Wood no respondió al beso, más bien quedó paralizado, pero yo seguí, aunque no puse reparo cuando él me empujó para alejarme. Parecía asustado, nervioso y horrorizado, yo me reí, ya que su rostro se veía gracioso. Me miró como si estuviera loco. Le di unas palmadas en la espalda, murmuré un gracias y me marché. Había contestado la pregunta que me daba vueltas en la cabeza desde la fiesta y la respuesta era un sí afirmativo.

Soy gay.

Ocurrió que la noticia de que había besado a Jesse Wood se fue pasando de boca en boca, hasta que llegó a mis primos, quienes se juntaron para hablar conmigo. Fred, el más descarado, hizo la pregunta, a lo que yo contesté encogiéndome de hombros. Lucy se burló y mis primos le dieron diez galeones cada uno.

—Ya sabía que eras gay —afirmó con una sonrisa—. Gracias, Lou, ya puedo comprarme la cámara que quiero con esto, sin contar el dinero que me falta cobrar.

A veces tu familia sabía tu orientación sexual antes que tú.

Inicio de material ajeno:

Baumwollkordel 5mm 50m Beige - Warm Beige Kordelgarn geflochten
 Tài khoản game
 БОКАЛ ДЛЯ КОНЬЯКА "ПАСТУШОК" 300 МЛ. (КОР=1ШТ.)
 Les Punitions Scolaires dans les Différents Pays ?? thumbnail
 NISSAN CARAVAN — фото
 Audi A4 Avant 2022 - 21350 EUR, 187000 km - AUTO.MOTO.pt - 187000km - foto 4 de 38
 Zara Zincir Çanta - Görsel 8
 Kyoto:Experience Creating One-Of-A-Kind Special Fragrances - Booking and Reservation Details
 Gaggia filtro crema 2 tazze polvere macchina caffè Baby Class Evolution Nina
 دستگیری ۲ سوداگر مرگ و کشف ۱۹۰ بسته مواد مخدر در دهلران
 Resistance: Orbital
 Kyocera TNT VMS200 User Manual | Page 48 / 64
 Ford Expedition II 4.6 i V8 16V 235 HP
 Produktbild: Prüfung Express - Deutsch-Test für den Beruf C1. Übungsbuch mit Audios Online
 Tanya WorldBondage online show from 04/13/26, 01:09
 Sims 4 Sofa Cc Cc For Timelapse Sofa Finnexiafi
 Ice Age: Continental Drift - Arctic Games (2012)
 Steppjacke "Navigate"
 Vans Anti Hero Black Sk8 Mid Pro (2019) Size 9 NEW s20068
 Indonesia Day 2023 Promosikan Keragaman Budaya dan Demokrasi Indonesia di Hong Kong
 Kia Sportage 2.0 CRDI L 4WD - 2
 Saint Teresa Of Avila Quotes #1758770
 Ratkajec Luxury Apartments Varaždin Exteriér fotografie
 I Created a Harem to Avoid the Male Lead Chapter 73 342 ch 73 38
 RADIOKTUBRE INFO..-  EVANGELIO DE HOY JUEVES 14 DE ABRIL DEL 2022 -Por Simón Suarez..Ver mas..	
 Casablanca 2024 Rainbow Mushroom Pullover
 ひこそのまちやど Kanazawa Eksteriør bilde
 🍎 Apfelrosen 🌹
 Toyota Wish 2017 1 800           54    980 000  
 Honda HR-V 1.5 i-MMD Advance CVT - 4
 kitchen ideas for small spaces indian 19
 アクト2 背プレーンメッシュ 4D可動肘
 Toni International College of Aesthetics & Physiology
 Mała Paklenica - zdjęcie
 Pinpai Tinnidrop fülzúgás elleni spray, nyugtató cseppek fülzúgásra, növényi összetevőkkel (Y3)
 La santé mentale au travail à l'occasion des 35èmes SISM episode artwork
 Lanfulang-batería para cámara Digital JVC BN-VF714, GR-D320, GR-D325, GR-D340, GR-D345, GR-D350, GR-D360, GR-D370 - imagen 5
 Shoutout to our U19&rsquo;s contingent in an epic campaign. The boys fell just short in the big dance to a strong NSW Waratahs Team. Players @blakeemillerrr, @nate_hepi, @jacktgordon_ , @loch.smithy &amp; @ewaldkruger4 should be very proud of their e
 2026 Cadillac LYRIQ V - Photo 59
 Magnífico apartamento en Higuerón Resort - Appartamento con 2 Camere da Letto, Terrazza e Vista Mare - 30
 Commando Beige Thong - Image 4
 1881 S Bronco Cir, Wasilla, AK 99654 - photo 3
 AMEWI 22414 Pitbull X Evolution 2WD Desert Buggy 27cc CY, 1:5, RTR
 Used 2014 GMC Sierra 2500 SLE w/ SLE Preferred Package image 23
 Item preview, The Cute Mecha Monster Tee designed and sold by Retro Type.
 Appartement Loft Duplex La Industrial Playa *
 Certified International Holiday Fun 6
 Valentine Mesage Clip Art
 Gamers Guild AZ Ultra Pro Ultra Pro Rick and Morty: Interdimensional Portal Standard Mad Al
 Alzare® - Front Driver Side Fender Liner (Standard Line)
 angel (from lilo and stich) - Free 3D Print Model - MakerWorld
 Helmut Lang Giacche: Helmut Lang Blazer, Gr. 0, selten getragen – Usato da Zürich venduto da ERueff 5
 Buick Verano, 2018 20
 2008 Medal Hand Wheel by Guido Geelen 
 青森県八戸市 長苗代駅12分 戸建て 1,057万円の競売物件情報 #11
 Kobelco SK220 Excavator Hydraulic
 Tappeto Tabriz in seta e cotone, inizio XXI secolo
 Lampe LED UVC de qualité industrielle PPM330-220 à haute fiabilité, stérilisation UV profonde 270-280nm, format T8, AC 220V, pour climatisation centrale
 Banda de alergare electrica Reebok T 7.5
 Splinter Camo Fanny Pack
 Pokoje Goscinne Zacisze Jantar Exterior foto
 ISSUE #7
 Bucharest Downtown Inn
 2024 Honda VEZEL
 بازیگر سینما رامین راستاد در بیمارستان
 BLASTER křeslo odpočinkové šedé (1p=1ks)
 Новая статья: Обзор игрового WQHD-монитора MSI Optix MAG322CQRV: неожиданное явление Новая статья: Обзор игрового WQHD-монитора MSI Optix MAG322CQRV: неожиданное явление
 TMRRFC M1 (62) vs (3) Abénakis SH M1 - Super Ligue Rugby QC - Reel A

A las chicas no les cayó tan bien la noticia. Unas sinvergüenzas tuvieron la osadía de reprenderme por ser gay, no porque me gustarán los chicos en sí, sino porque no me interesaban las chicas. En teoría, tenía doce años y no era una edad considerable para tener cualquier clase de relación, pero las muchachas no parecían darse cuenta y estaban enojadas conmigo, y yo estaba tan harto que dije lo primero que se me vino a la mente.

—No soy gay. Soy bisexual.

Así que seguí dando besos a chicas y soportando sus estupideces, por mucho que me molestara, pero era mejor que hacer la tarea sin ayuda y tenerlas jodiéndome detrás. Las salidas de Hogsmeade eran un alivio, porque ahí podía estar tranquilo y a la última que fui, pasó algo increíble: me hice un amigo.

Sí, tenía amigos, pero eran de esos amigos que están desde que naciste porque sus padres son amigos y por ley, también deben ser amigos. No eran elegidos. Por lo tanto, a los doce años recién me hice mi primer amigo verdadero. Se trataba del hermano menor de una amiga de Molly, el cual no conocía porque era squib. Había ido a Las Tres Escobas cuando lo noté. Rubio, ojos verdes, blanco, no parecía hermano de la morena de Dina Thomas. Aprovechando que los dos se encontraban con Molly, me acerqué. Él se presentó como Drake Thomas.

Y no digo que fue un flechazo, un amor a primera vista. Honestamente, no había nada de amor por mi parte. Pero lo quería. ¿Por qué? No lo sabía, pero Drake Thomas, con su sonrisita blanca, me había cautivado, por mucho que no fuera un Veela.